BOITEMPO - "Notícias de Clã"
por Meire Oliveira Silva


1 - Itabira: retrato de uma sociedade patriarcal


Boitempo é um livro todo dedicado à memória da infância e da juventude drummondiana em Itabira. Ele traz à tona toda a realidade de uma sociedade que vivia a mercê dos grandes coronéis ("Notícias de Clã"), seus ritos religiosos ("Vida Paroquial"), a vida dedicada à fazenda e à cultura agropecuária ("Bota e Espora") e como se portavam as "Relações Humanas" nessa economia, com seus usos e costumes nessa cidade provinciana. Segundo José Guilherme Merquior, o título Boitempo remete ao "sentido do tempo vivido associado à fazenda e à cidadezinha rural". E o tom lírico e nostálgico que Drummond utiliza nesses versos que constituem toda a estrutura do livro é de um homem que não está mais ligado à terra e sim à vida nas repartições públicas, sendo somente um "fazendeiro do ar".
A obra de Drummond, principalmente em Boitempo, é um dos raros testemunhos, em poesia, das relações humanas e econômicas, no que estas últimas refletem na desintegração do conceito de família no plano sócio-econômico e como isso repercute na formação psicológica individual. Retratar todos os fatos acontecidos na infância, como os jogos sexuais e o erotismo ("O banho"), o medo dos empregados ("O diabo na escada"), do pai ("O Banco que serve a meu pai") e também sua relação com a morte ("Os chamados"), sempre tão próxima, não seria uma espécie de catarse através da poesia?
Descendendo de um clã familiar ligado à terra, inicialmente pela mineração e, logo a seguir, através da pecuária e agricultura, Drummond acabou sendo o fim de uma linhagem de mineradores e fazendeiros: "Tive ouro, tive gado, tive fazendas/hoje sou funcionário público." (Confidências do itabirano). Criado aos arredores da "casa grande", com os escravos e sob as ordens de um pai "todo-poderoso", homem típico das sociedades patriarcais, o menino, no seu "desajuste de gauche" se transfere, quando adulto, para uma realidade totalmente diferente daquela; em meio a edifícios que, ao invés de o sufocarem, o livram da rígida estrutura patriarcal em que vivia.

Boitempo

O poema "(In) Memória" serve como prefácio a todo o Boitempo condensando toda a temática que lida o livro num "resumo de existido". O livro divide-se em "Caminhar de Costas"; "Vida Paroquial"; "Morar"; Bota e Espora"; "Notícias de Clã"; "Um"; "Percepções"; "Relações Humanas".
Na seção "Notícias do Clã", a tônica da morte e da complexa relação com o pai autoritário, num misto de admiração e temor, é trazida por meio de versos simples e curtos. Ao mesmo tempo em que narra acontecimentos individuais do passado, reconstrói toda uma realidade em que viviam as pessoas regidas por aquela dominação, ao passo que dependiam de tal estrutura patriarcal. Acaba por descrever com maestria um tempo passado e toda a gama de riquezas dos costumes da época. E como nas palavras de Adélia Bezerra de Menezes, "o poeta resgata o acontecido do esquecimento: é uma espécie de memória viva da espécie, do seu povo."

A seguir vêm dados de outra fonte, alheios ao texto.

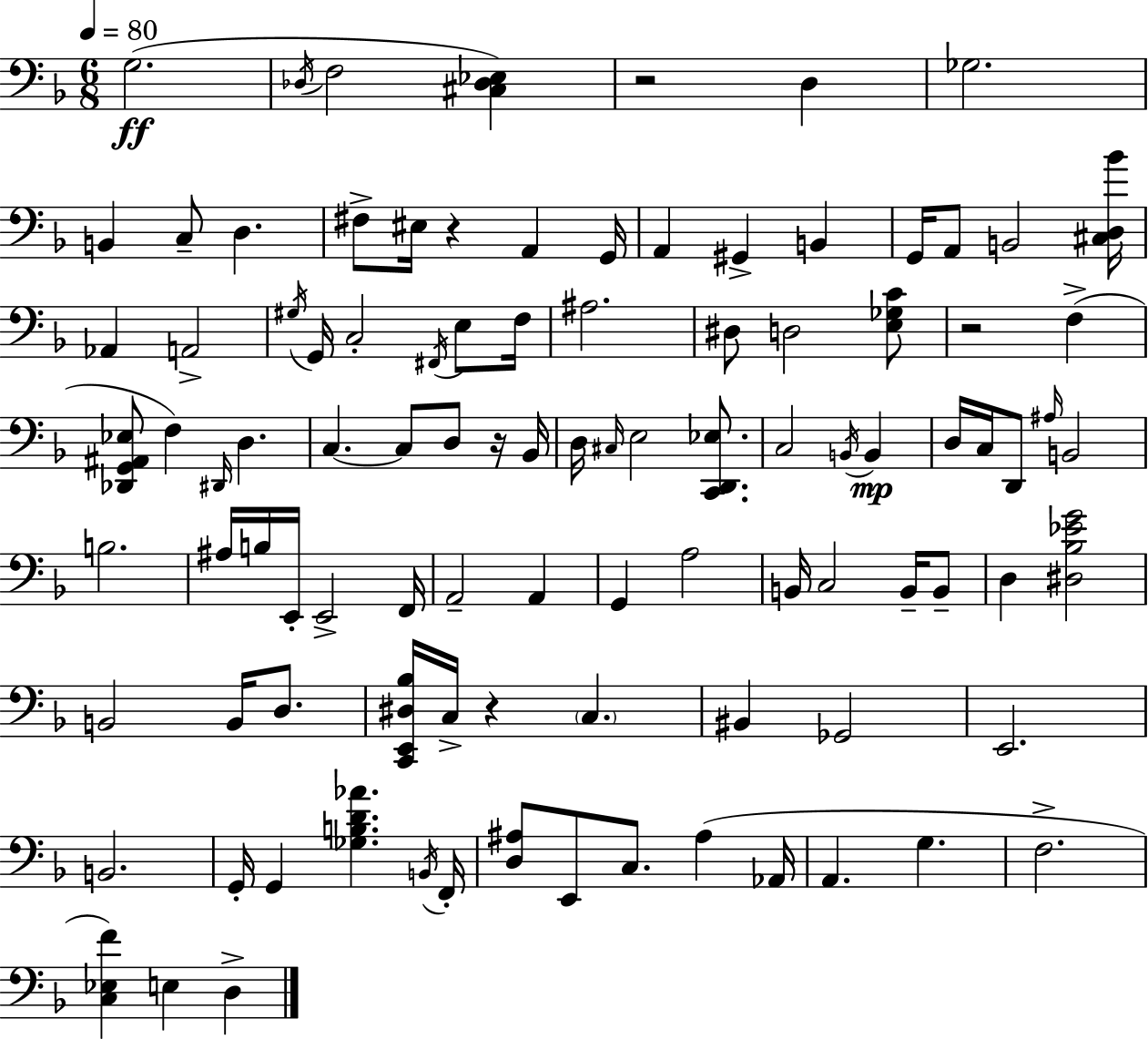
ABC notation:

X:1
T:Untitled
M:6/8
L:1/4
K:F
G,2 _D,/4 F,2 [^C,_D,_E,] z2 D, _G,2 B,, C,/2 D, ^F,/2 ^E,/4 z A,, G,,/4 A,, ^G,, B,, G,,/4 A,,/2 B,,2 [^C,D,_B]/4 _A,, A,,2 ^G,/4 G,,/4 C,2 ^F,,/4 E,/2 F,/4 ^A,2 ^D,/2 D,2 [E,_G,C]/2 z2 F, [_D,,G,,^A,,_E,]/2 F, ^D,,/4 D, C, C,/2 D,/2 z/4 _B,,/4 D,/4 ^C,/4 E,2 [C,,D,,_E,]/2 C,2 B,,/4 B,, D,/4 C,/4 D,,/2 ^A,/4 B,,2 B,2 ^A,/4 B,/4 E,,/4 E,,2 F,,/4 A,,2 A,, G,, A,2 B,,/4 C,2 B,,/4 B,,/2 D, [^D,_B,_EG]2 B,,2 B,,/4 D,/2 [C,,E,,^D,_B,]/4 C,/4 z C, ^B,, _G,,2 E,,2 B,,2 G,,/4 G,, [_G,B,D_A] B,,/4 F,,/4 [D,^A,]/2 E,,/2 C,/2 ^A, _A,,/4 A,, G, F,2 [C,_E,F] E, D, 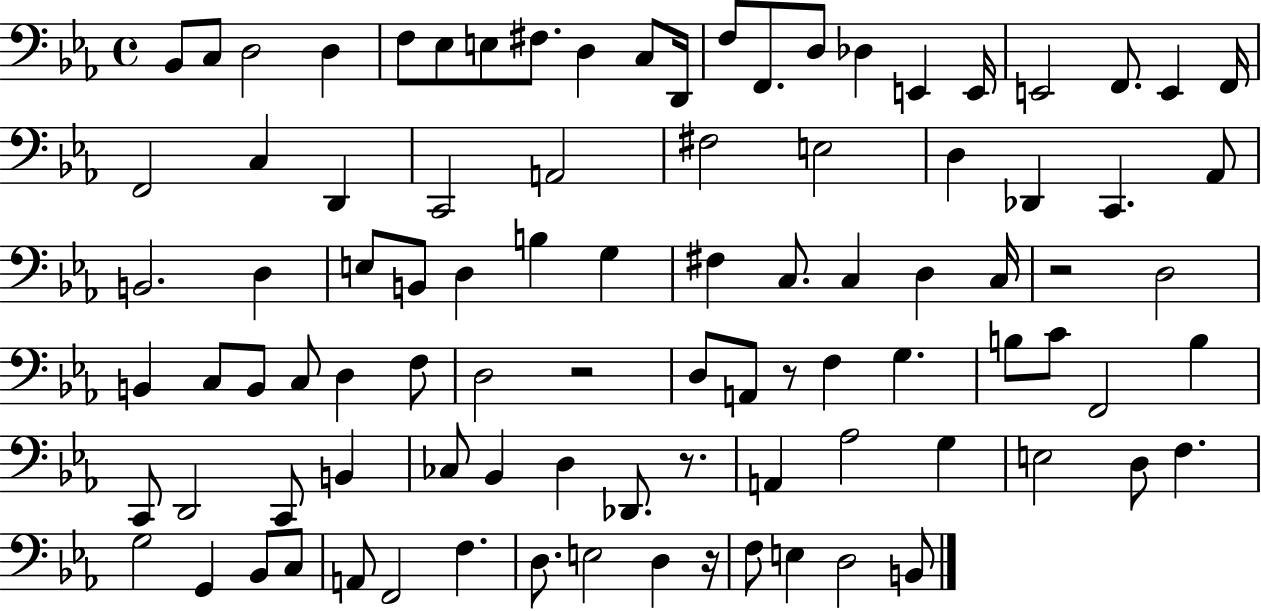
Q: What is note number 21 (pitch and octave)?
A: F2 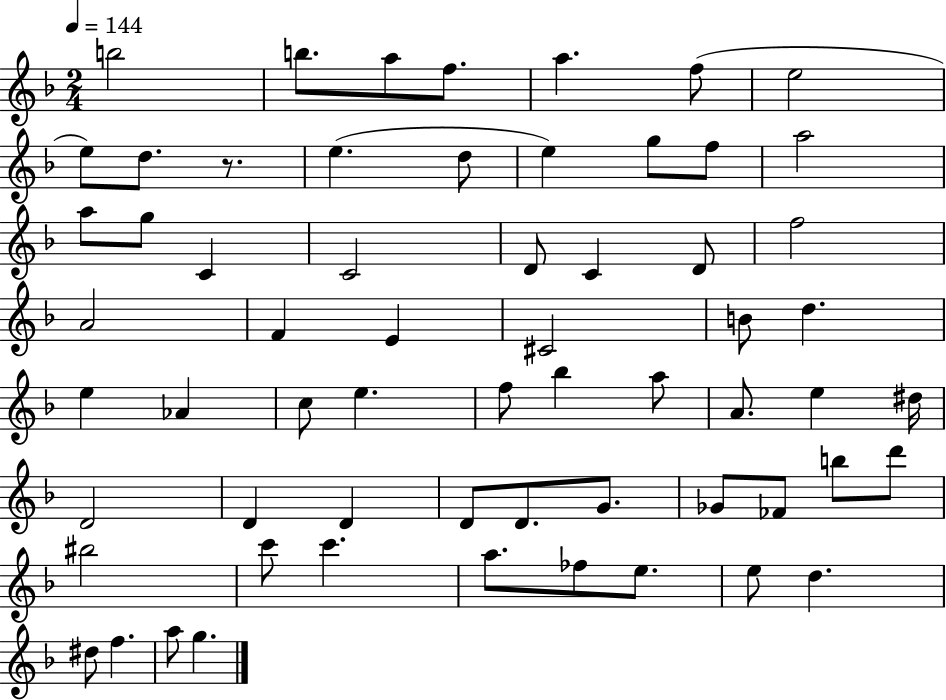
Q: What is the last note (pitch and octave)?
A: G5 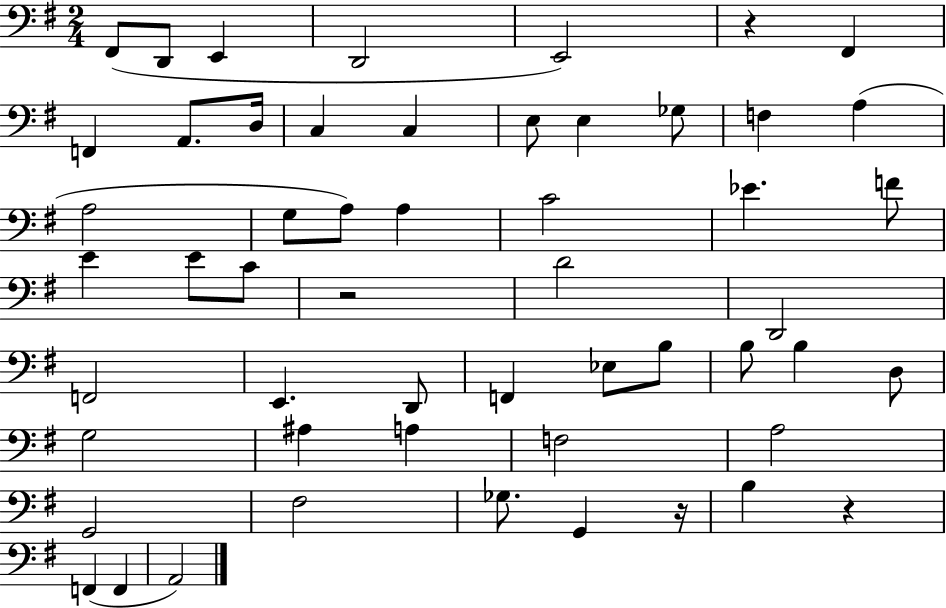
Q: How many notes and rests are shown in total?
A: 54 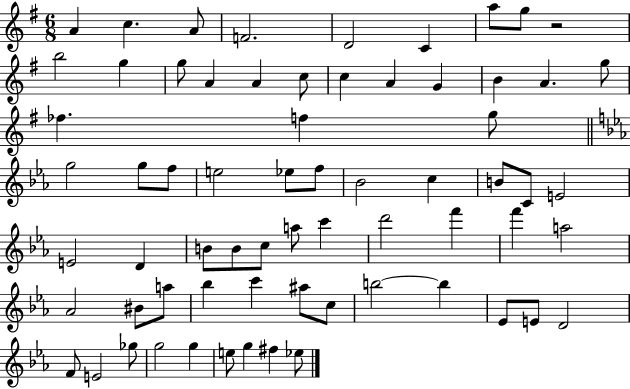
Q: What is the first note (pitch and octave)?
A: A4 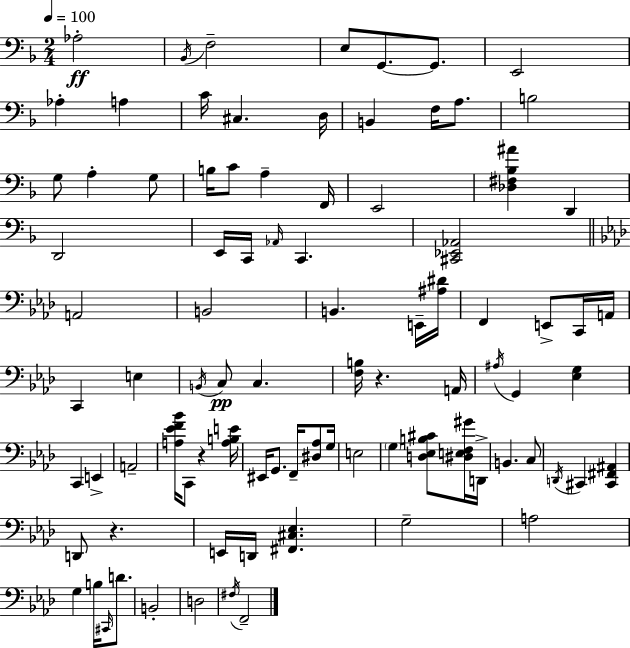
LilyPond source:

{
  \clef bass
  \numericTimeSignature
  \time 2/4
  \key f \major
  \tempo 4 = 100
  aes2-.\ff | \acciaccatura { bes,16 } f2-- | e8 g,8.~~ g,8. | e,2 | \break aes4-. a4 | c'16 cis4. | d16 b,4 f16 a8. | b2 | \break g8 a4-. g8 | b16 c'8 a4-- | f,16 e,2 | <des fis bes ais'>4 d,4 | \break d,2 | e,16 c,16 \grace { aes,16 } c,4. | <cis, ees, aes,>2 | \bar "||" \break \key aes \major a,2 | b,2 | b,4. e,16-- <ais dis'>16 | f,4 e,8-> c,16 a,16 | \break c,4 e4 | \acciaccatura { b,16 } c8\pp c4. | <f b>16 r4. | a,16 \acciaccatura { ais16 } g,4 <ees g>4 | \break c,4 e,4-> | a,2-- | <a ees' f' bes'>16 c,8 r4 | <a b e'>16 eis,16 g,8. f,16-- <dis aes>8 | \break g16 e2 | \parenthesize g4 <d ees b cis'>8 | <dis e f gis'>16 d,16-> b,4. | c8 \acciaccatura { d,16 } cis,4 <cis, fis, ais,>4 | \break d,8 r4. | e,16 d,16 <fis, cis ees>4. | g2-- | a2 | \break g4 b16 | \grace { cis,16 } d'8. b,2-. | d2 | \acciaccatura { fis16 } f,2-- | \break \bar "|."
} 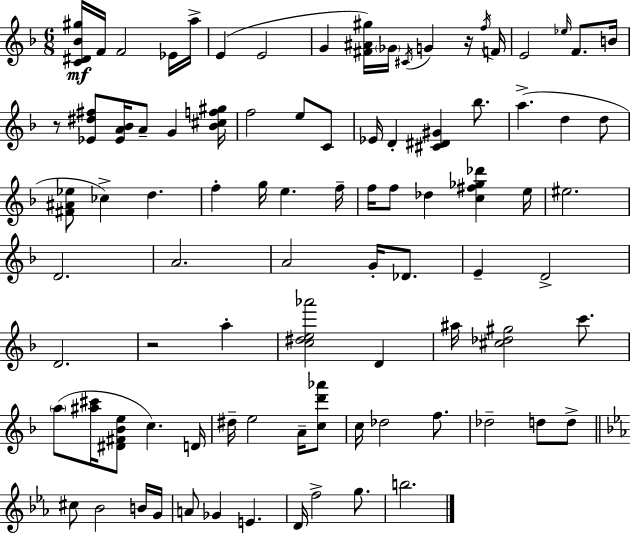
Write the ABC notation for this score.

X:1
T:Untitled
M:6/8
L:1/4
K:F
[C^D_B^g]/4 F/4 F2 _E/4 a/4 E E2 G [^F^A^g]/4 _G/4 ^C/4 G z/4 f/4 F/4 E2 _e/4 F/2 B/4 z/2 [_E^d^f]/2 [_EA_B]/4 A/2 G [_B^cf^g]/4 f2 e/2 C/2 _E/4 D [^C^D^G] _b/2 a d d/2 [^F^A_e]/2 _c d f g/4 e f/4 f/4 f/2 _d [c^f_g_d'] e/4 ^e2 D2 A2 A2 G/4 _D/2 E D2 D2 z2 a [c^de_a']2 D ^a/4 [^c_d^g]2 c'/2 a/2 [^a^c']/4 [^D^F_Be]/2 c D/4 ^d/4 e2 A/4 [cd'_a']/2 c/4 _d2 f/2 _d2 d/2 d/2 ^c/2 _B2 B/4 G/4 A/2 _G E D/4 f2 g/2 b2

"Notícias de Clã": a terra e a morte


"Notícias de Clã" é a quinta seção das nove em que são divididos os 84 poemas de Boitempo. Esta parece ser uma parte totalmente dedicada à lembrança dos irmãos e das brincadeiras de infância, assim como à precoce relação com o tema da morte. Também há a evocação da imagem austera e poderosa do pai e de toda aquela cidadezinha rural que dependia do coronel Carlos de Paula Andrade.
O poema que abre a seção é "Herança", que Drummond faz de introdutório à história do clã que irá contar a seguir. Esse poema agrega vários aspectos da vida fazendeira do poeta, assim como toda a riqueza em que nascera o nono filho de Dona Julieta Augusta, a 31 de outubro de 1902. Neto do capitão-mor Elias de Paula Andrade o clã parecia ser o seu destino maior. Seus pais eram filhos de grandes proprietários de terras de Itabira e seu avô, quase um mito da região, ostentava grande fama dado o seu poder de latifundiário e de dono de escravos.
Só que de toda essa fortuna restou ao gauche desajustado no seu modo de ser, "um pigarro". A palavra "baú", como que reúne em seu interior todas as "terras de semeadura", "as vacas", "o café", "os engenhos" e os "mineirais". Depois, o poeta enterra esse tesouro - sem valor a não ser pelo poder da recordação que é capaz de reviver através da palavra todo aquele passado - "no poço da memória".
Ainda as relações com os escravos, que também eram sinais de poder na época referida, são aludidas no poema. São homens reduzidos ao mesmo valor de gados e terras. Da mesma forma, sucede no poema "Surpresa": "Estes cavalos fazem parte da família/ e têm orgulho disso." Da "comenda" que reluzia como ouro, referindo-se ao pai ou a si mesmo, o poeta diz restar apenas um pigarro. O sinal da debilitação da saúde e da juventude foi sua herança maior.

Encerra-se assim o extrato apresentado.